I'm sure this question has been asked a lot but I'm a little stressed about it-- how much harder will it be for two final exams to be on the same day?
They are pretty above average difficulty finals too as apparently one is a TON of writing while the other is a TON of memorization and I think both cumulative also.
If you must know, it's BPK (KIN) 110 with Bedoya and CRIM 135 with TBA?.
I've had two midterms on the same day last semester and it totally did not work out well. One ended up doing really great while the other fell to a 76-79% despite it being an extremely easy prof/course. But the finals were on different days and I aced both so it was clearly the same-day factor that killed me on the midterms. I'm scared :(
Comments
Every semester I always tell myself I'll study consistently and not last minute. And then I don't. This time for sure though! Hopefully.
I'm a fourth year student graduating at the end of this year....and for the past 5 years, I'm proud to say I have not once started an essay or studied in advance for ANYTHING.
Every single essay I have written in the past 5 years was started the night before (in one of my fourth year courses...I wrote a 20 page essay in 6 hours, having done nothing in advance, not even finding sources...and I got an A on it).
ALWAYS study the night before. Roughly 2-3 hours of studying before an exam usually prepares me for anything. For me, it's that rush....when you know you have limited time, my mind usually kicks into overdrive and I work much faster. I could spend all week trying to write two pages...and in the last few hours, finish the remaining 18 pages.
I'm classifying myself as a fourth year student according to my number of credits. Although too less courses when I first entered university so it would take me five years to finish off my degrees.

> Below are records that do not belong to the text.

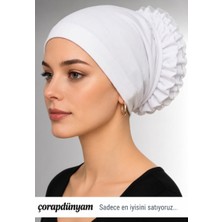 Çorap Dünyam Kaymaz Fırfırlı Silikonlu Dantelli Dikişsiz Tesettür Bonesi Pamuklu Nefes Alan Iç Bone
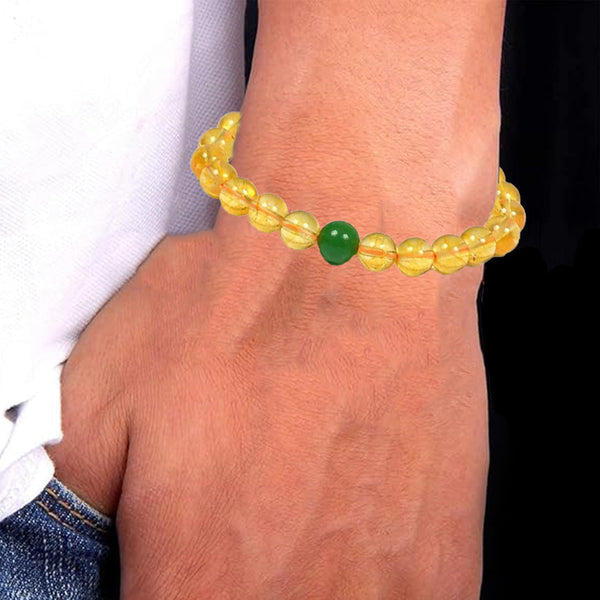 Natural Citrine Stone & Green Jade Bracelet – Wealth, Prosperity & Positive Energy | Unisex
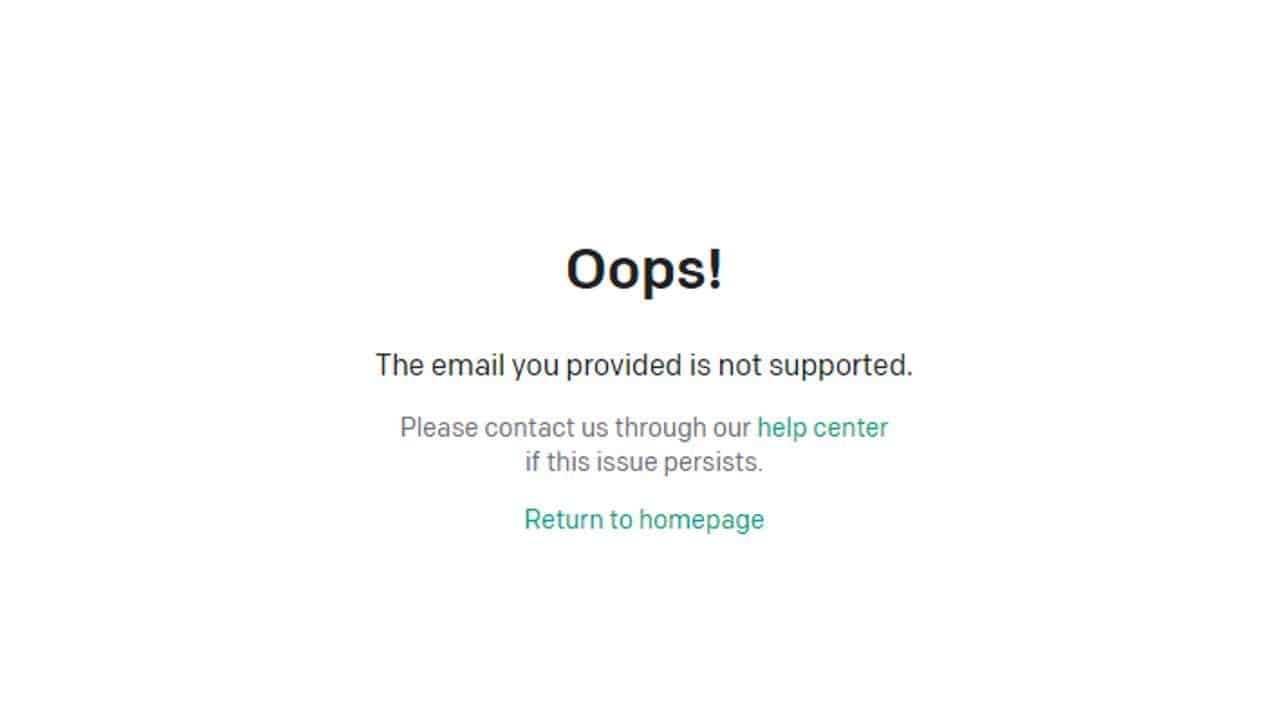 The Email You Provided is Not Supported ChatGPT Error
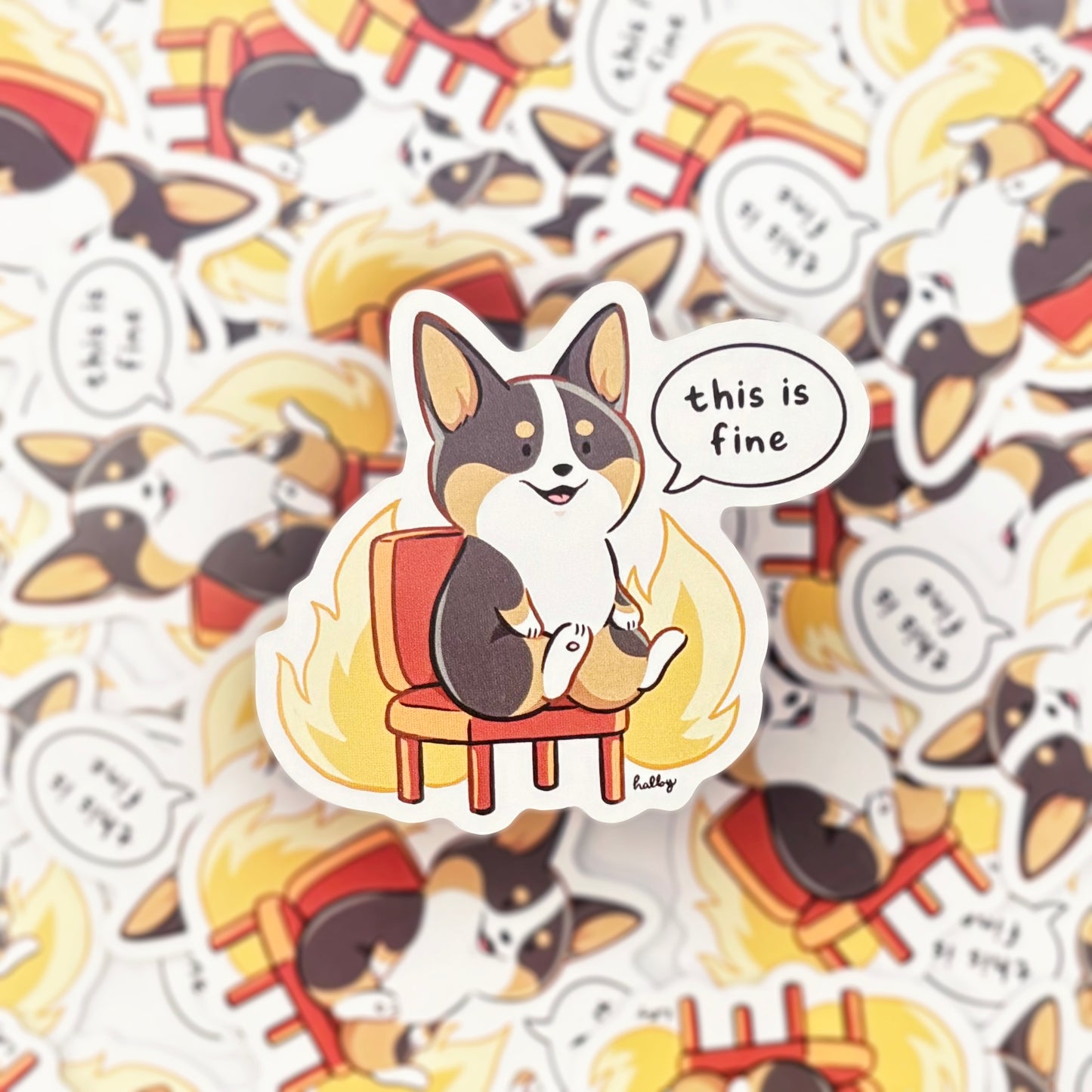 Corgi Memes Vinyl Sticker - 'This is Fine'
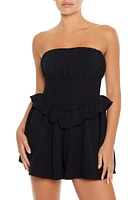 Strapless Ruffle Mini Dress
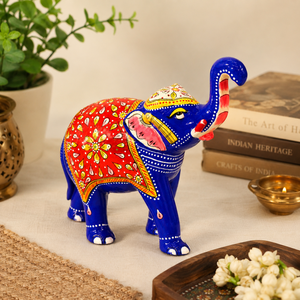Handcrafted Traditional Metal Meenakari <b>Elephant</b> Figurine | Eco-Friendly Blue Indian Statue for Home Decor & <b>Gifting</b> - Product Image 6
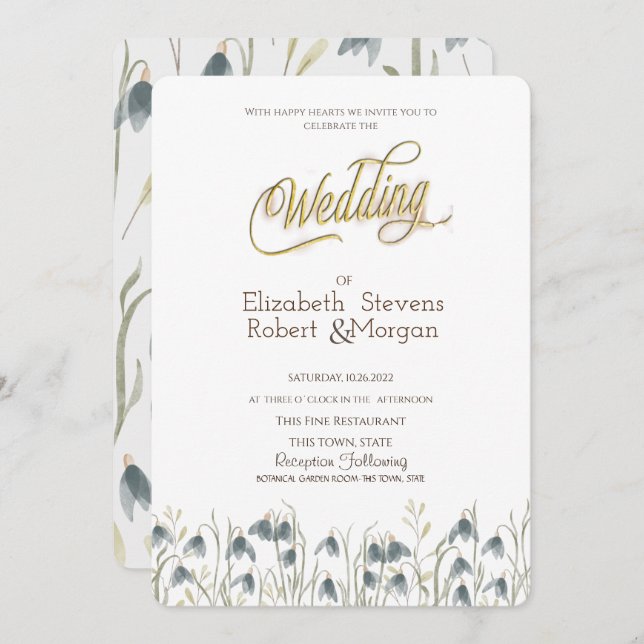 Chic Wildflower Snowdrops Wedding  Invitation (Front/Back)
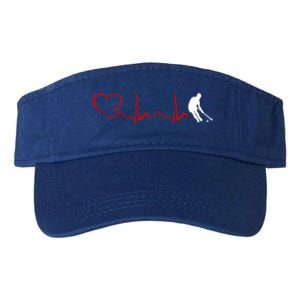 Hockey Heartbeat And Heart Gift Valucap Bio-Washed Visor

Ah, it sounds like you also do not read textbooks. At this point, I've learned that I don't even need to buy them anymore, since usually they end up collecting dust. I'm a dual major in Communications and English.
For Communications (and any other related course), just listening to the professor is enough. As long as I write an essay related to a study that the professor is researching, they usually quite enjoy it. As for English, I just go find out what the themes are. I once did a pretty thorough presentation and final paper on a novel I had never even read one page of.
@112233
Is that suppose to be an insult? I've taken fourth year business courses as well as criminology courses and I've found them easier to deal with than Communications courses.
For most business related courses, you only require a lower level of logic and reasoning to do well. Yes, for the general masses, its easier to get into arts and deal with it but its much easier to do extremely well in business/sciences in comparison to communications.
I would say that in general, the average science student has a tougher time than the average arts student but its a different story at the top. The upper "top percentage" of art students have a much tougher time than science students.
Also, science professors are easier to string around because they're generally more "simple". It's easy to do well in any major if you take the time to understand your professor's way of thinking and manipulate it. Even if you half ass an assignment....if it ties into the professor's research, it will get you a good grade.
Most professors are also researchers and they have their own thesis and conclusions. I've had some pretty bias professors that gave some students poor grades because their conclusions went against the professor's research results. If you just find out what the professor is interested in...what he/she believes in...and how strongly those beliefs in, its easy to focus your entire semester around that in order to control your own grades.